Carr issued a “trigger warning” to the audience at the beginning of his one-hour special, His Dark Material, admitting his performance contained “terrible things”.
In a widely shared clip from the show, Carr joked about the horror of “six million Jewish lives being lost” before suggesting the deaths of thousands of Gypsies at the hands of the Nazis had been one of “the positives” of the Holocaust.
Speaking on BBC Breakfast on Saturday, the culture secretary said the comments were “abhorrent and they just shouldn’t be on television”.
She said: “We are looking at legislation via the media bill, which would bring into scope those comments from other video-on-demand streaming outlets like Netflix.”
It was put to her that in a tweet in 2017 she had claimed that “leftwing snowflakes are killing comedy”.
She said: “Well, that’s not comedy. What Jimmy Carr did last night is not comedy. And you know, I’m no angel on Twitter, nobody is, but I just would like to say that nothing I’ve ever put on Twitter has been harmful or abusive.
“But that last night … Jimmy Carr’s comments, no one can call that, you know, snowflake or wokeishness, that’s just … it was just appalling.”
She said the comments were “shocking and abhorrent and unacceptable, not just because he was making fun on the basis of people who died in the most appalling circumstances, but on the pain and suffering of many thousands of families”.
Dorries told Times Radio: “We don’t have the ability now, legally, to hold Netflix to account for streaming that, but very shortly we will.”
The comedian and writer David Baddiel condemned Carr’s comments on Twitter on Saturday and suggested they were “cruel and inhumane and mean-spirited and racist”.
Baddiel shared an excerpt from his Trolls: Not The Dolls tour “as part of a bit arguing that it’s not the subject matter of a joke that counts, it’s the specifics of the individual joke”.
“Meanwhile, away from stupid discussions about the limits of comedy, my sympathies are with the Roma and Sinti community who suffered so much during the Holocaust,” Baddiel added.
The chief executive of the Holocaust Memorial Day Trust, Olivia Marks-Woldman, said she and the rest of the organisation were “horrified that gales of laughter followed [Carr’s] remarks”.
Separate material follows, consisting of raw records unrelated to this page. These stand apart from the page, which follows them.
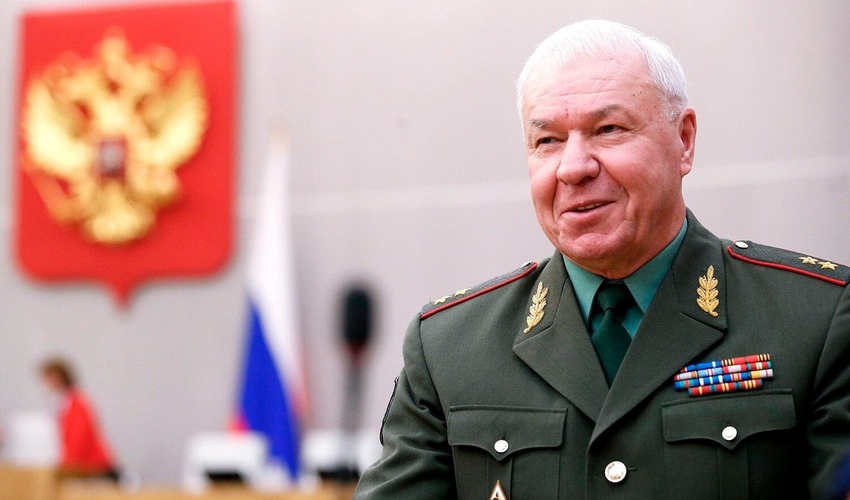 Rusiyada general hərbi xidmət müddətinin iki ilə qədər uzadılmasını təklif edib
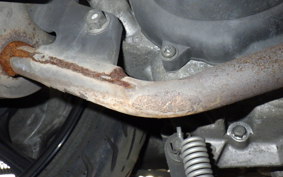 SUZUKI ADDRESS 110 2005 CE47A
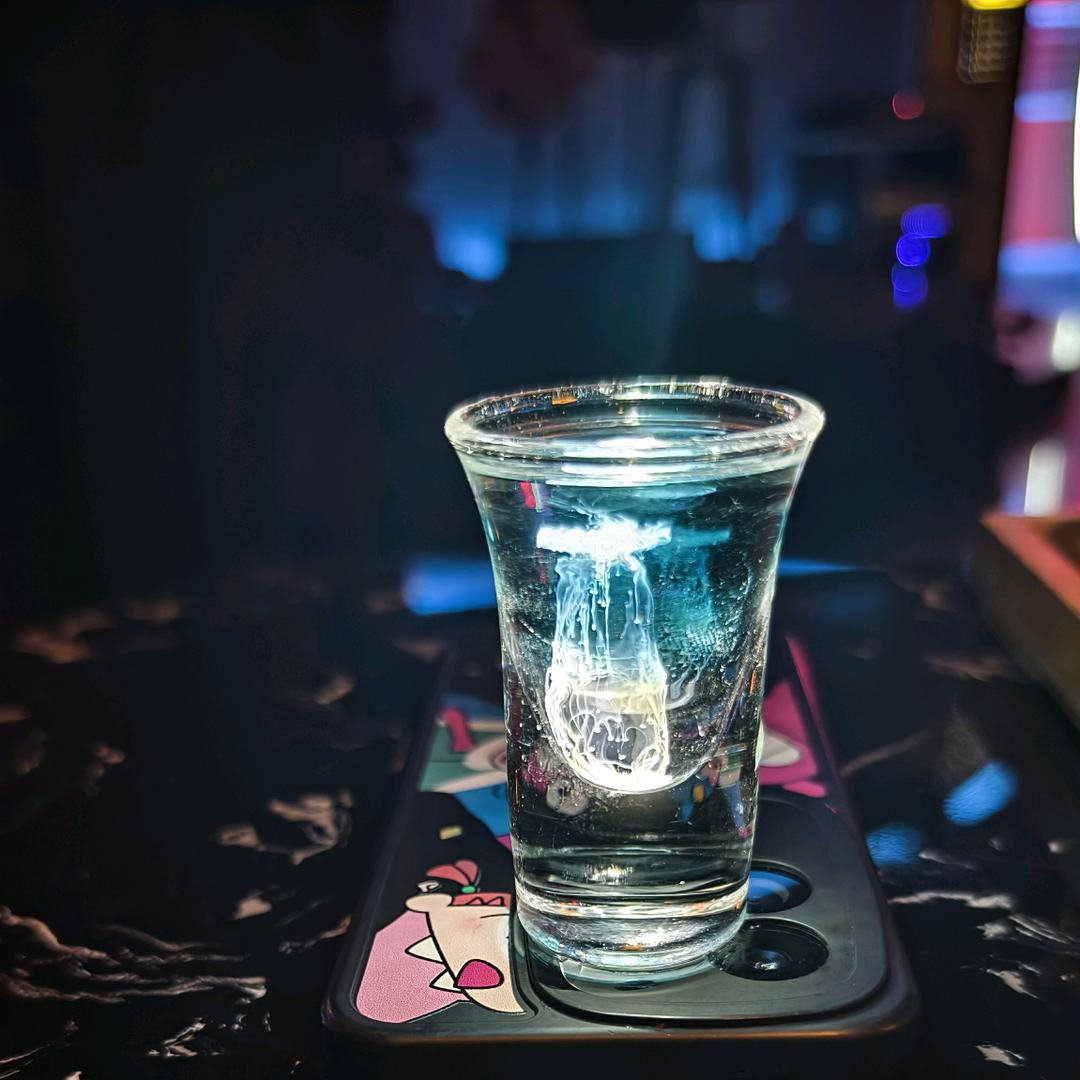 往事抽离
“Hundreds of thousands of Roma and Sinti people suffered prejudice, slave labour, sterilisation and mass murder simply because of their identity – these are not experiences for mockery,” Marks-Woldman added.
The Traveller Movement, a charity supporting the traveller community in the UK, said the comments were “truly disturbing” and went “way beyond humour”.
In a tweet, the charity announced that it had launched a petition to Netflix calling for “the removal of the segments of His Dark Material which celebrate the Romani genocide”.
The Auschwitz Memorial urged Carr on Twitter to “learn about the fate of some 23 thousand Roma & Sinti deported to Auschwitz”, adding: “It’s sad to hear words that can fuel prejudice, hurt people & defile memory of their tragedy.”
A representative for Carr has been contacted for comment.